En ce qui a trait à la nouvelle compétition, le diffuseur public n’est aucunement dans un état capable de porter des coupures de 150 millions sur un budget d’un milliard prévues durant les prochaines années. Le diffuseur public est suffisamment décimé à l’interne présentement pour se faire maintenant décimer à l’externe sous le prétexte des bienfaits de la compétition, le marché n’existant tout simplement pas. Les conséquences nocives de la centralisation, de la pollution et de la prédation de contenus auprès de l’auditoire du milieu minoritaire sont déjà bien connues, peu importe ces promesses de meilleures “consultations” lors des prochains renouvellements de licence. N’oublions pas que beaucoup d’éléments dans le gouvernement conservateur désirent se débarrasser de CBC/Radio-Canada. Infâme, cette pilule dite rouge!
Épilogue
Avant d’aspirer à vouloir mieux “se voir”, il faudrait d’abord mieux communiquer entre francophones hors-Québec.

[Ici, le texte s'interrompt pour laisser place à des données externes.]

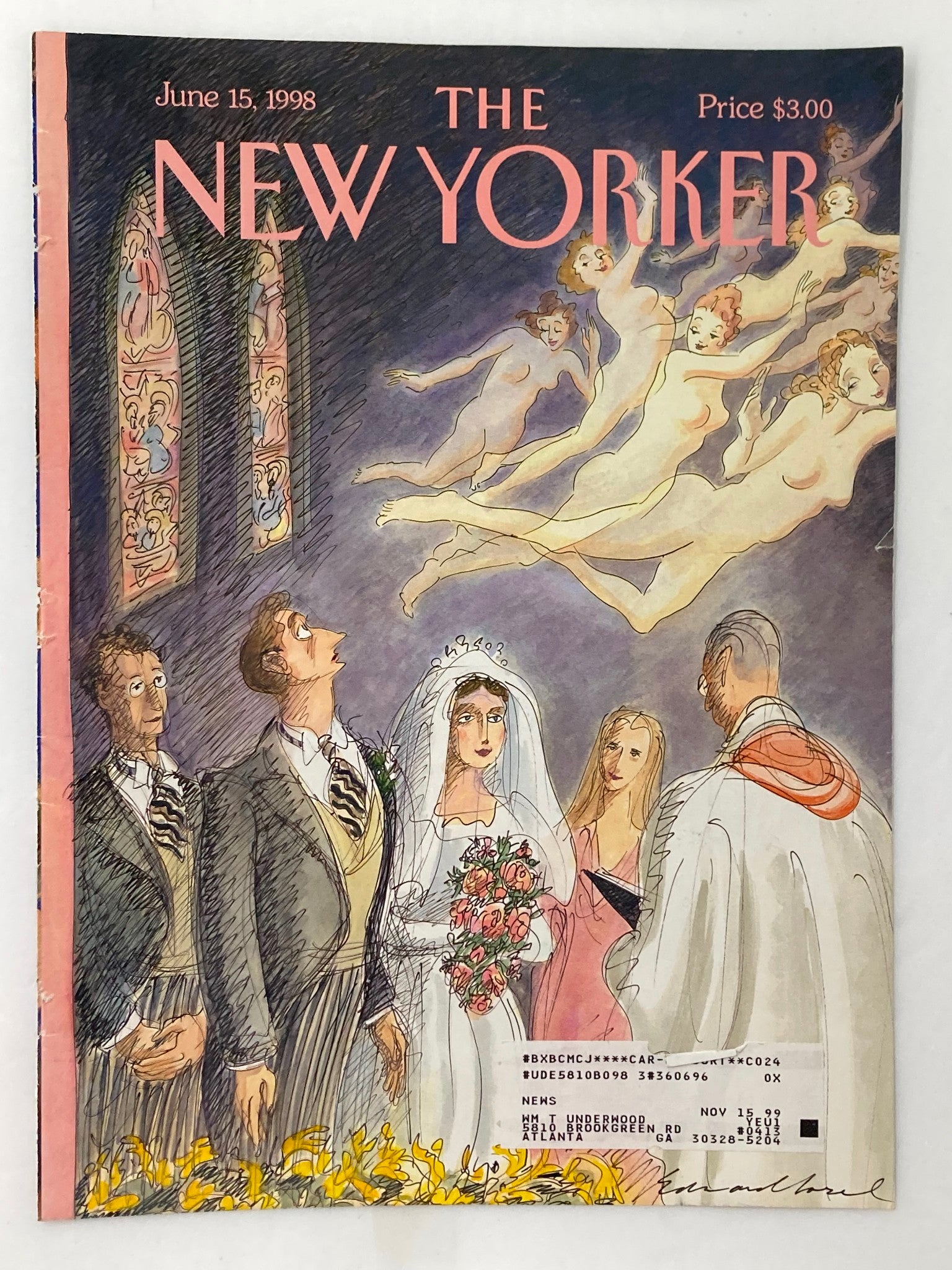 COVER ONLY The New Yorker June 15 1998 Temptation by Edward Sorel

Les propositions d’ajout de chaînes de francophonie pour ces audiences de “consultation” du CRTC semblent avoir évacué l’urgent besoin de tenir une réflexion collective sur l’état lamentable de notre environnement médiatique, particulièrement le peu d’intérêt qu’il suscite compte-tenu de tous les défis à relever. L’organisme de réglementation doit reconnaître sa part de responsabilité dans l’état des lieux avant de prétendre pouvoir y remédier. Prendre des décisions sur ces propositions d’ajouts pour les cablos semble mal venu. A chacun sa pilule entre temps!